Beberapa hari ini saya cukup gerah membaca pemberitaan terkait pendidikan. Dua hari yang lalu bergaung informasi bahwa Asesmen Nasional akan ditunda, sedangkan kemarin di hari Jumat, terkuak lagi berita tentang sekolah negeri yang mewajibkan siswi non-muslim memakai jilbab.
Aih, seakan cerita lama terulang kembali. Terang saja, rasanya sudah ada beberapa peristiwa seiras yang terjadi beberapa tahun ke belakang.

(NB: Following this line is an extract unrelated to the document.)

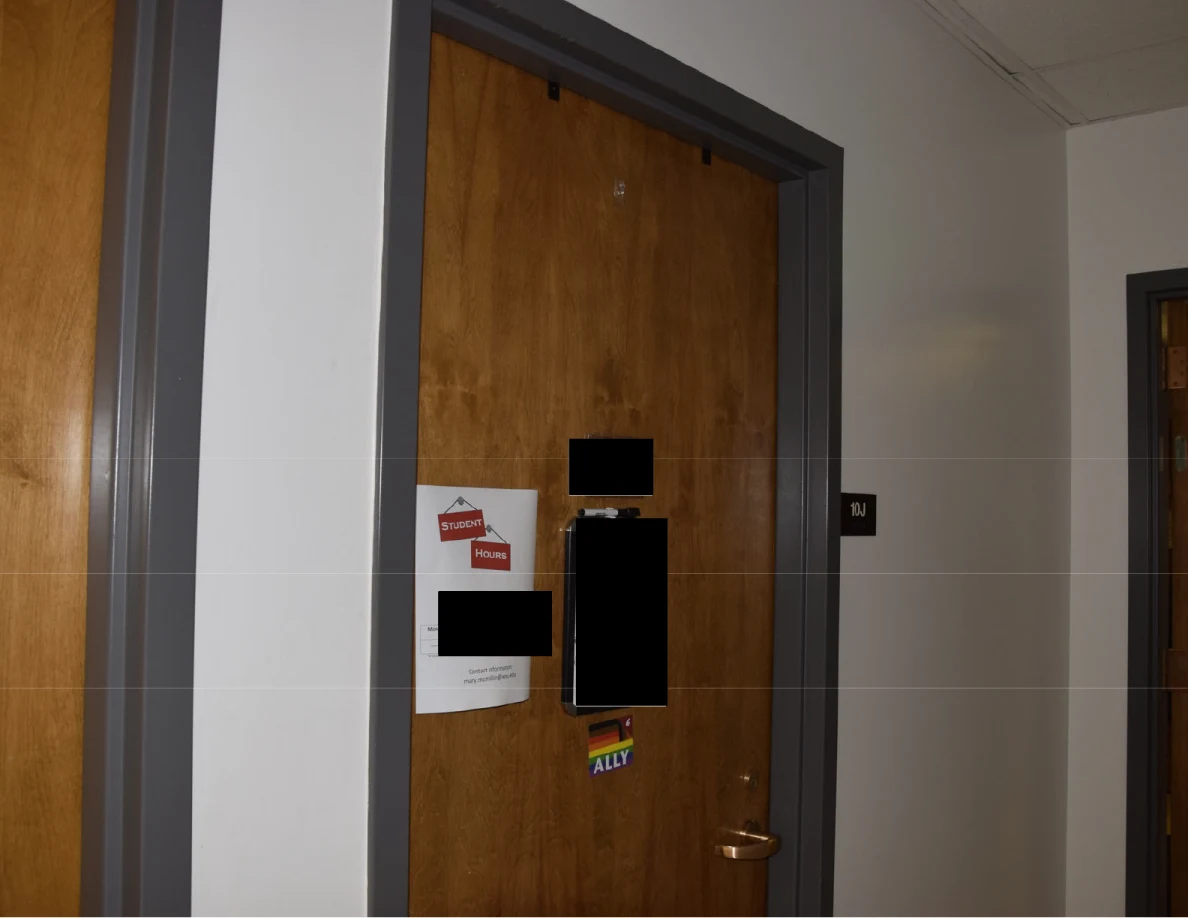 Office door with student-hours notice, stickers and blacked-out text.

Contoh terdekat misalnya pada tahun 2019. Waktu itu ada satu SD Negeri dan dua SMP Negeri yang menerapkan aturan wajib berjilbab kepada seluruh siswi tanpa terkecuali mereka yang non-muslim.
Terang saja hal tersebut merupakan diskriminasi. Sedangkan dalam Islam saja dikatakan "Laa Ikraaha fiddiin" yang artinya tiada paksaan bagi manusia untuk Islam.
Sejauh pengetahuan saya, Kalamullah tersebut turun atas tiga perkara.
Pertama, karena ada seorang ayah dari kaum anshar yang ingin memaksa anaknya untuk masuk Islam. Kedua, karena ada sebagian umat muslim yang terlalu fanatik dengan agamanya. Dan ketiga, umat non-muslim yang membayar jizyah alias pajak tak boleh dipaksa maupun diperangi.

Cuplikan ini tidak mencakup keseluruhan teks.